> WHAT THIS TASK INVOLVES: Make an exact copy of the entries below with the pictures removed.

> EXERCISE INPUTS:
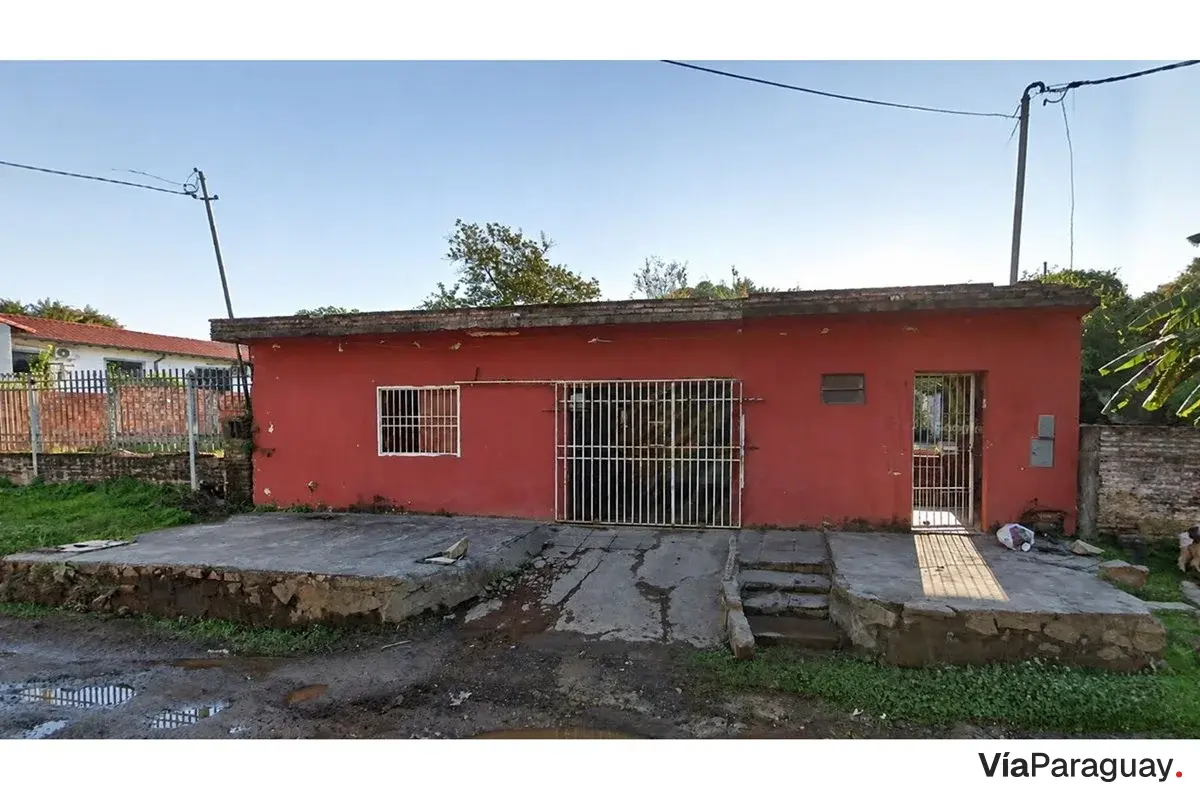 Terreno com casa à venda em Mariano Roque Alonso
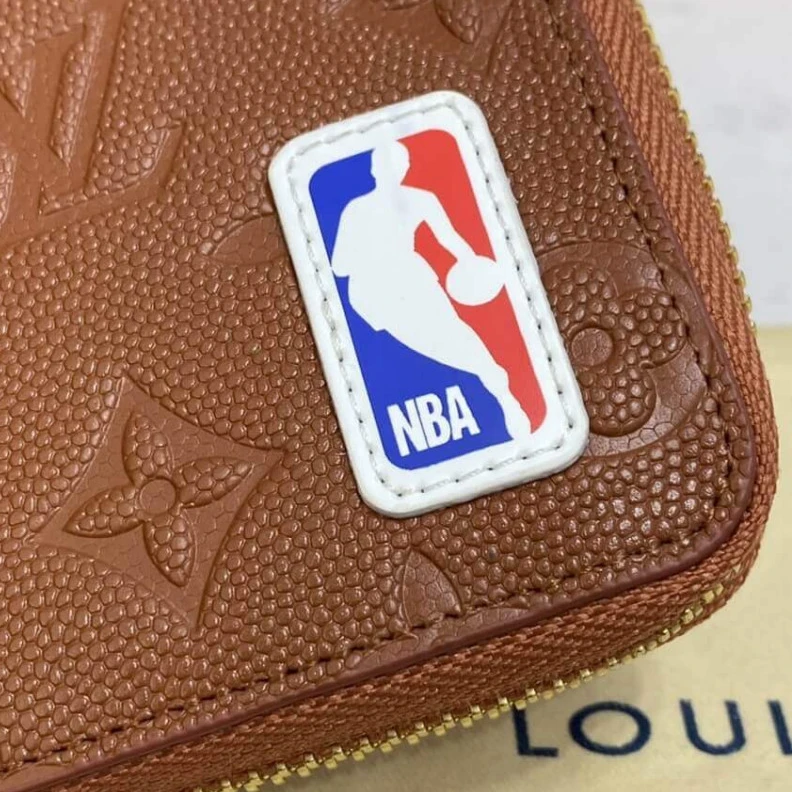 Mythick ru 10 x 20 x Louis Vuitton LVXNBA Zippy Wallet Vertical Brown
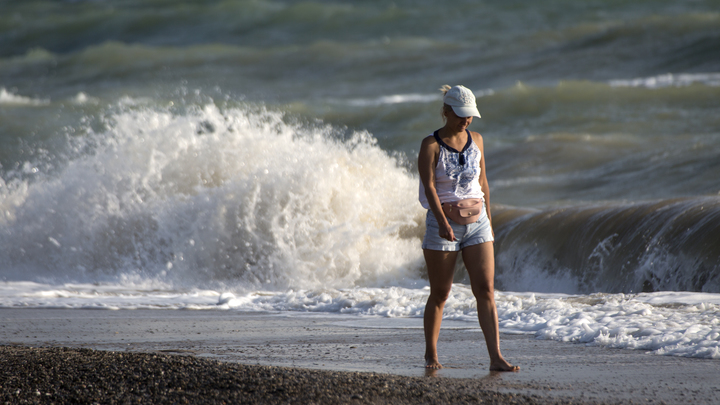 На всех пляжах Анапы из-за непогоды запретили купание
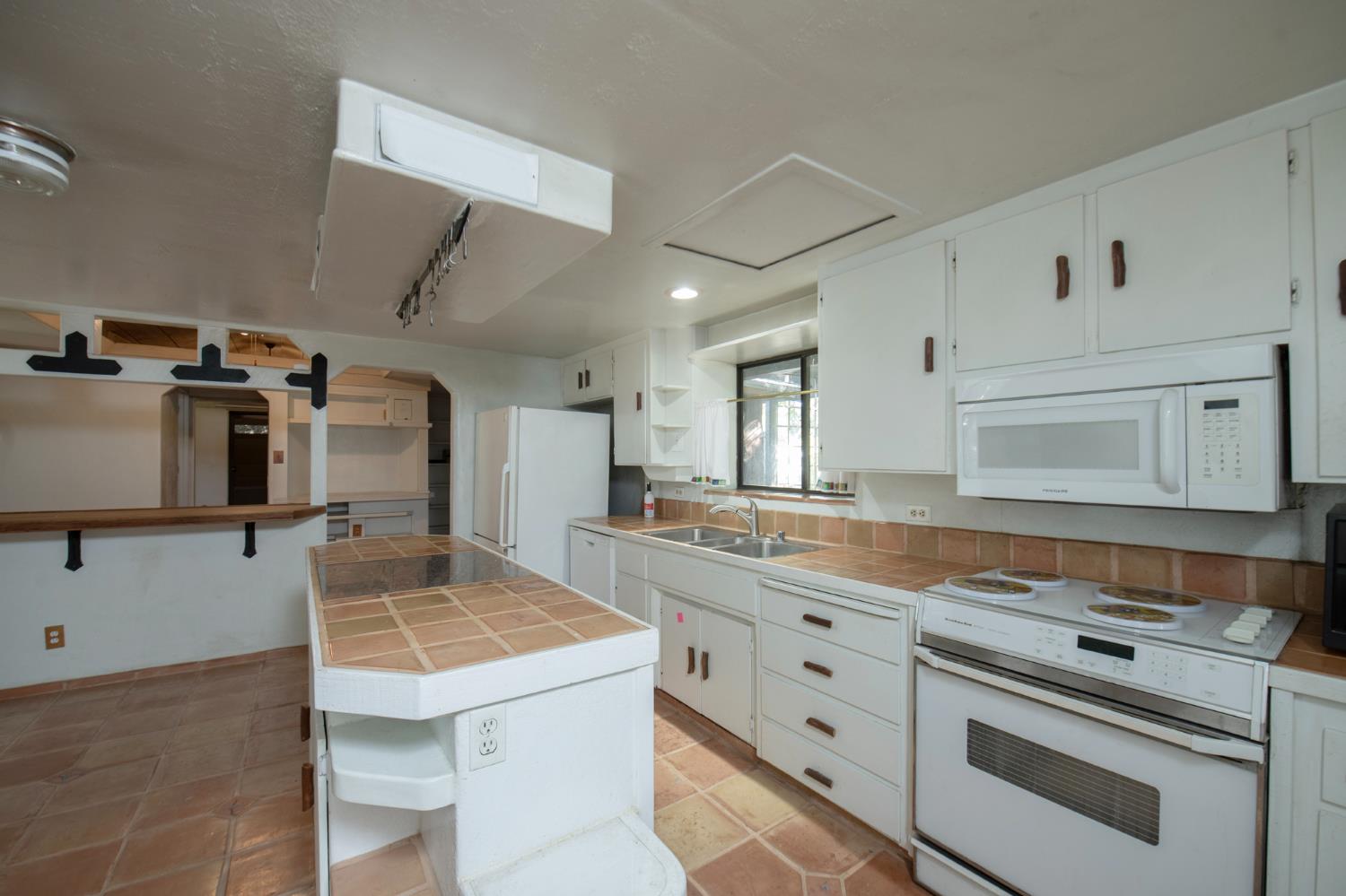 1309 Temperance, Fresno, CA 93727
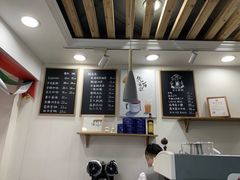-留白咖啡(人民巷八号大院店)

> ANSWER TO THIS PROBLEM:
 Terreno com casa à venda em Mariano Roque Alonso
 Mythick ru 10 x 20 x Louis Vuitton LVXNBA Zippy Wallet Vertical Brown
 На всех пляжах Анапы из-за непогоды запретили купание
 1309 Temperance, Fresno, CA 93727
-留白咖啡(人民巷八号大院店)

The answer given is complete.